- **About this exercise**
Copy out every line of the data exactly; do not include the images.

- **Source material**
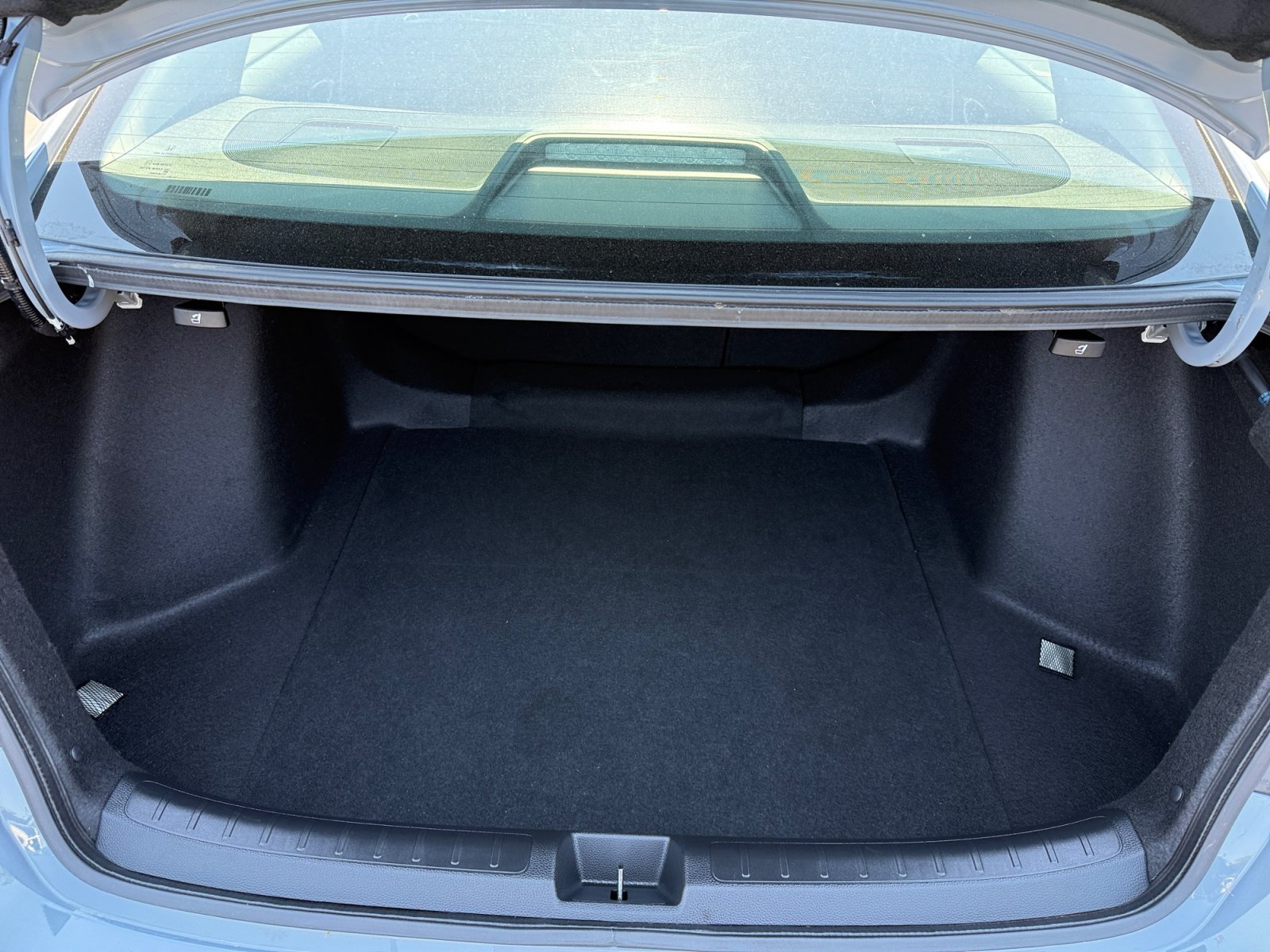 Used 2023 Sonic Gray Pearl Honda Touring image 17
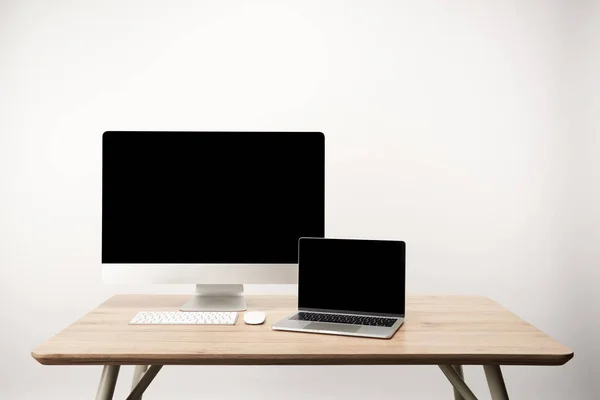 Local de trabalho com computador desktop e laptop com espaço de cópia na mesa de madeira isolada no branco — Fotografia de Stock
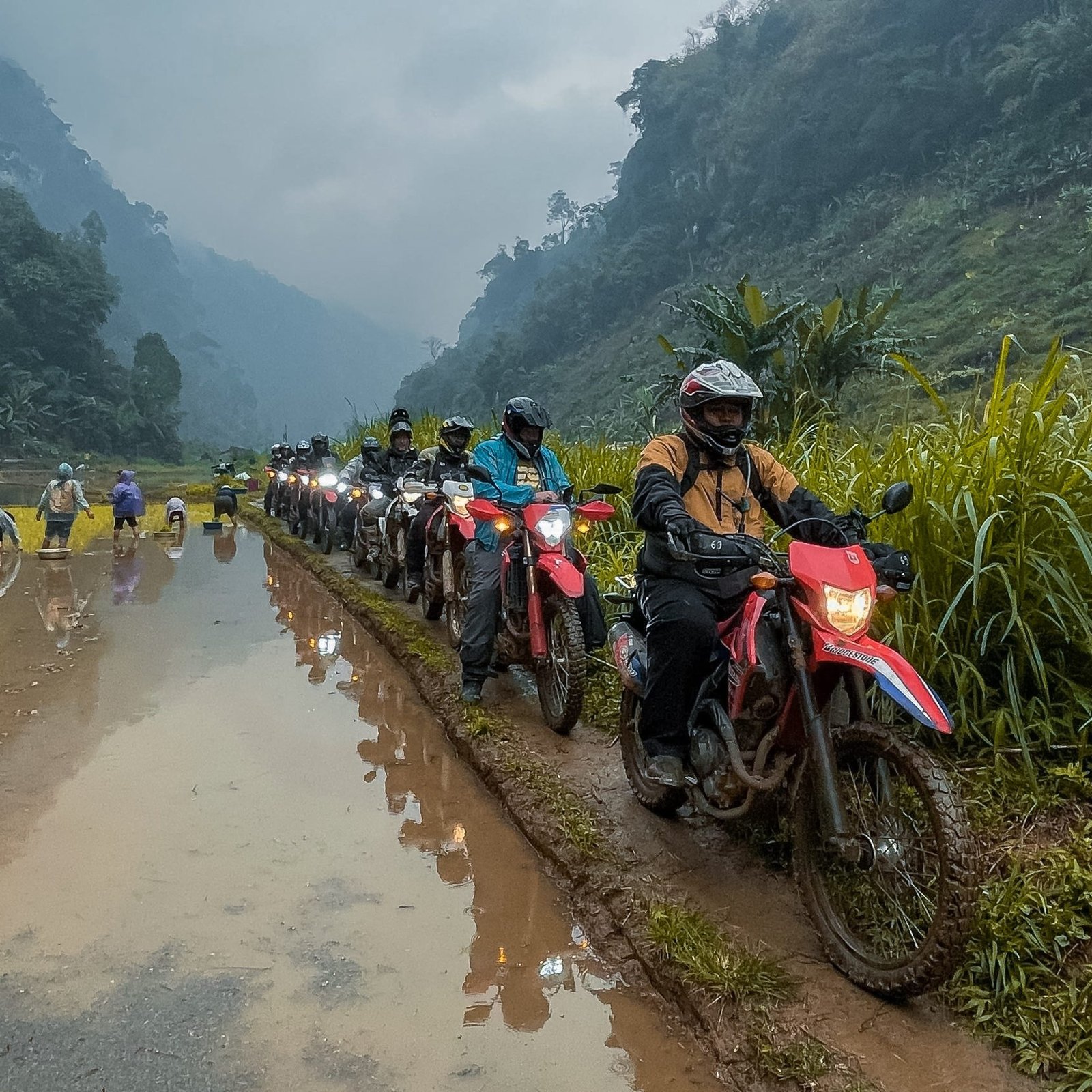 <span> DAY 11: Ba Be - Hanoi </span>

- **Completed exercise**
 Used 2023 Sonic Gray Pearl Honda Touring image 17
 Local de trabalho com computador desktop e laptop com espaço de cópia na mesa de madeira isolada no branco — Fotografia de Stock
 <span> DAY 11: Ba Be - Hanoi </span>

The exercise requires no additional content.